Airline Projects

Airlines continue to have more profound changes that most industries from new distribution models and new competitors to new alliances and ever demanding customers. Change is constant.

The challenge has always been about service to the consumer. With the dynamic changes, airlines that fail to adapt are left behind. We work closely with clients to assess their strategic and competitive positions. Keeping the customer at the heart of any strategy allowed our clients to take a leadership position.

Self-Service Kiosksal_ksk As passenger growth continues, airlines face the critical issue of ever increasing needs for efficiency and cost reduction. Customer self-service kiosks exploit new business models and technologies to deliver lower costs with consistent with their customers’ expectations for an enhanced travel experience. What processes and methodologies should airlines use to facilitate the self-service kiosk technology, be it airline or common-use? The objective remains improved efficiency leading to lower operating costs, while at the same time enhancing their customer’s travel experience and retaining their business?

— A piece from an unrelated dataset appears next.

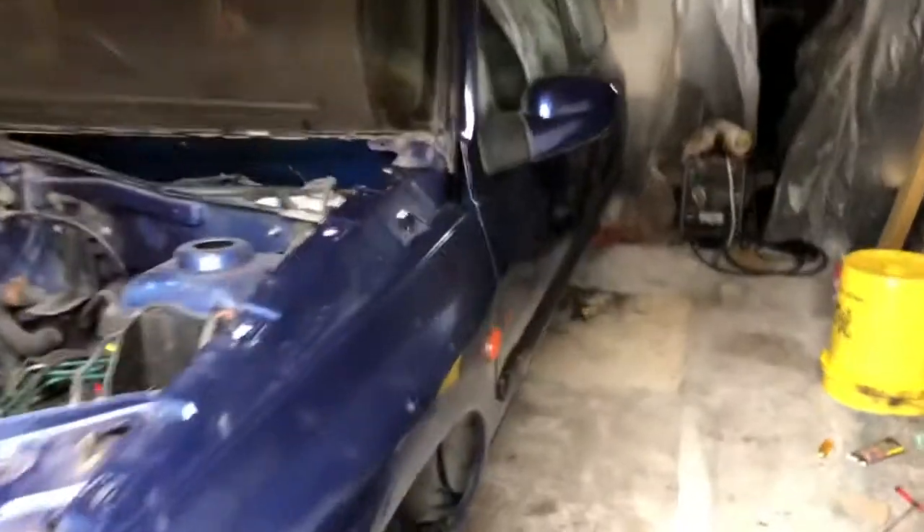If you're interested in the Clio Williams and the process that is involved in restoring one of these back to how it should be...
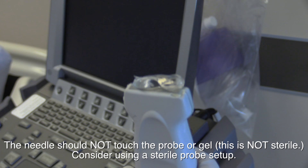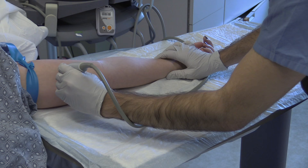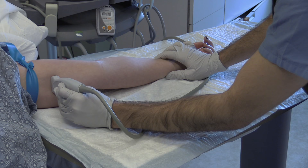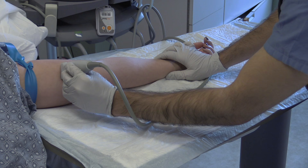Choose the vascular probe and apply gel. Search for a venous structure with an acceptable diameter and a relatively straight course. It's difficult to cannulate small or tortuous veins. If there are no suitable veins distally, the proximal veins are often acceptable. If necessary, examine both arms to find the best vessel — this will make the procedure smoother and reduce sticks for your patient.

Preferred Customer Services


As airlines struggle to compete in today’s local and global markets, they must refocus their efforts on customer relationships. Older CRM methodologies are not as effective as they used to be, given their reliance on frequent flyer plans. What should airlines do to create strategic advantage, enhancing their customer’s experience, thereby retaining their loyalty? A change in thinking is required, starting with a change in nomenclature: from CRM to CMR – Customer Relationship Management! It’s the customer who is charge of the relationship whether we like it or not!

Airline Legacy Messaging Networks


The aviation industry, particularly airlines, has long used Type B messaging for non-priority messages. Type B messages facilitate the movement of data between host computers using legacy applications. Until now, airlines have been locked into established network providers or even managed their own expensive dedicated networks to interface their applications to their own or their partners’ hosts. New services are now available to unlock tremendous cost savings for the airlines. Based on standard IP routers, a new suite of software products can provide a reliable, easy-to-use and secure alternative to traditional legacy network.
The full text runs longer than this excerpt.